Writing from Enid, Fernandez reports that the paper's Oct. 9 endorsement of Hillary Clinton cost it 162 subscribers and 11 advertisers, "including a funeral home that had a sizable account. Someone stuck a 'Crooked Hillary' bumper sticker on the glass doors of the paper’s downtown office. A man left a late-night message on the publisher’s voice mail, expressing his hope that readers would deliver, to put it delicately, a burning sack of steaming excrement to the paper."
"The News & Eagle’s 730-word editorial showed the raw power of partisanship in small-town America, the extraordinary divisions exposed in this election and the surprising ways in today’s digital media age that newspaper endorsements still have the power to generate a reaction, even if they don’t necessarily change people’s votes," Fernandez writes, quoting Terry M. Clark, the director of the Oklahoma Journalism Hall of Fame and a professor of journalism at the University of Central Oklahoma in Edmond: “There used to be a saying that the editorial page was the soul of a newspaper, and if that’s the case, we’ve got a lot of weak-souled newspapers in the country because they’re afraid to offend anybody,” said “This is an excellent example of the way American journalism ought to be — standing for something — and, man, it takes guts to do that in Enid, Oklahoma.”
The 10,000-circulation daily had endorsed Florida Sen. Marco Rubio in the Republican primary. For its general-election choice, Executive Editor Ron Collins transformed notes from Publisher Jeff Funk into an editorial saying Trump lacked “the skills, experience or temperament to hold office” with the headline, “For U.S. president: Hillary Clinton is our choice for commander in chief.”
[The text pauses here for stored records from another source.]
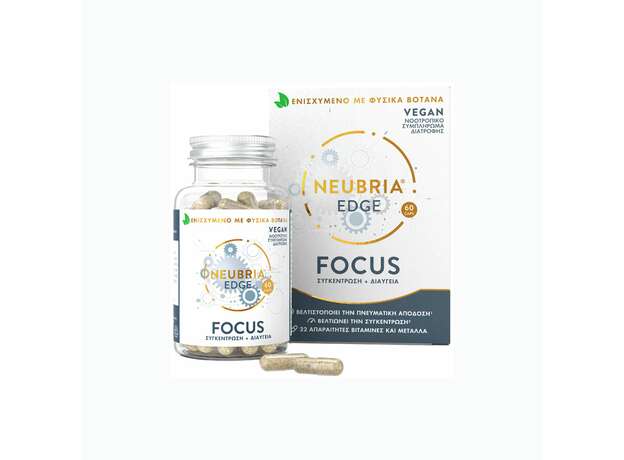 Neubria Edge Focus Συμπλήρωμα Διατροφής για Πνευματική Απόδοση, 60caps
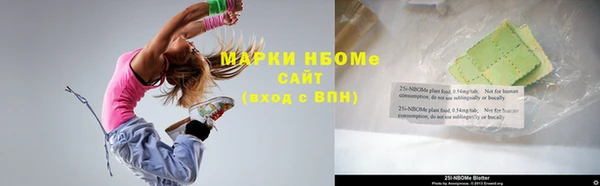 кокаин перу Протвино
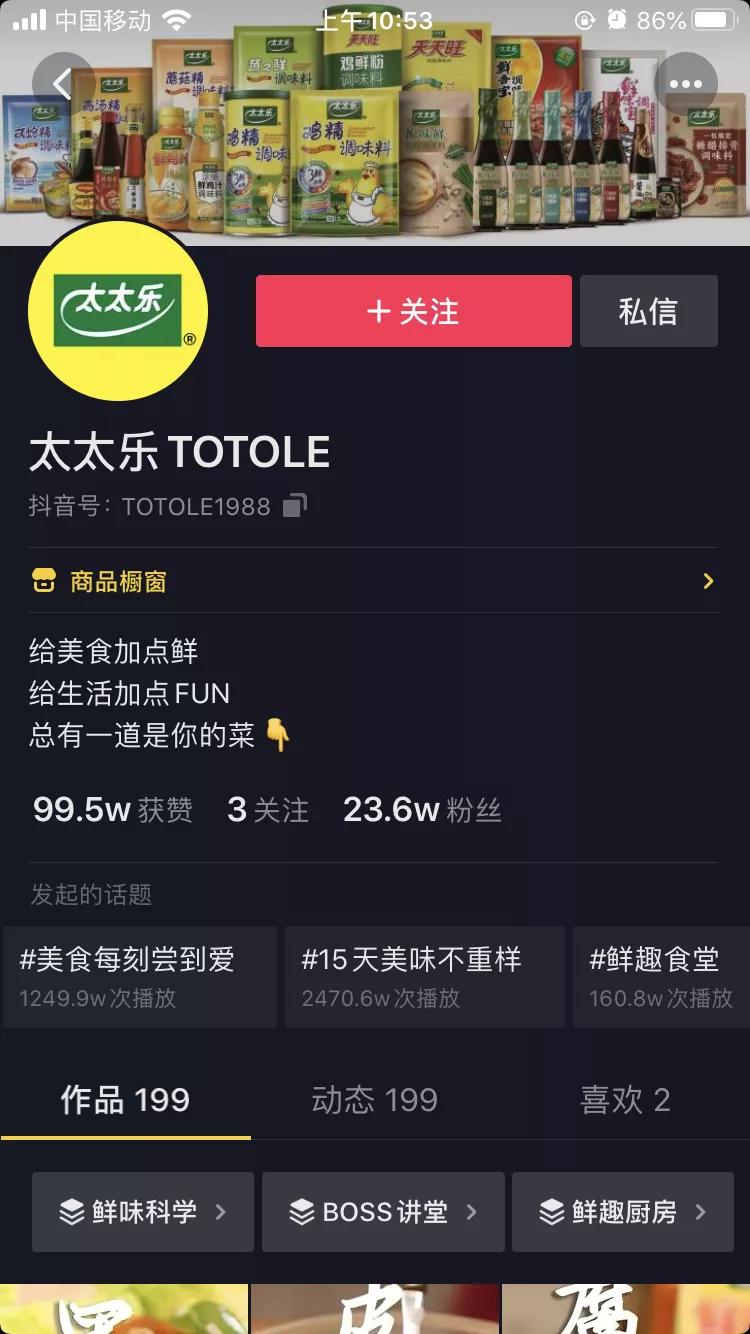 太太乐鸡精优势,太太乐鸡精是一线品牌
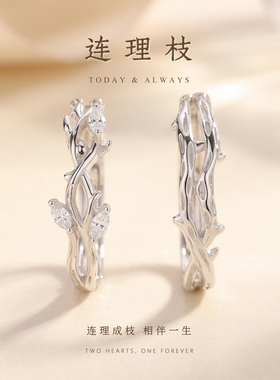 连理枝纯银对戒生日礼物送女友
CNHI's Ketter told The Rural Blog in an email that about half of the chain's 68 dailies endorsed Clinton, and "None went for Trump or published an editorial for a third-party candidate. Most of those that did not originate an editorial published one of the pro-Clinton editorials as a guest editorial or column, usually from the paper closest to their geographic home. The loudest objections occurred in Oklahoma, Missouri, Georgia, Alabama, Mississippi, Kentucky and West Virginia. Enid had the strongest response in loss of subscribers and advertisers, as a newspaper in a deep red city in a deep red state."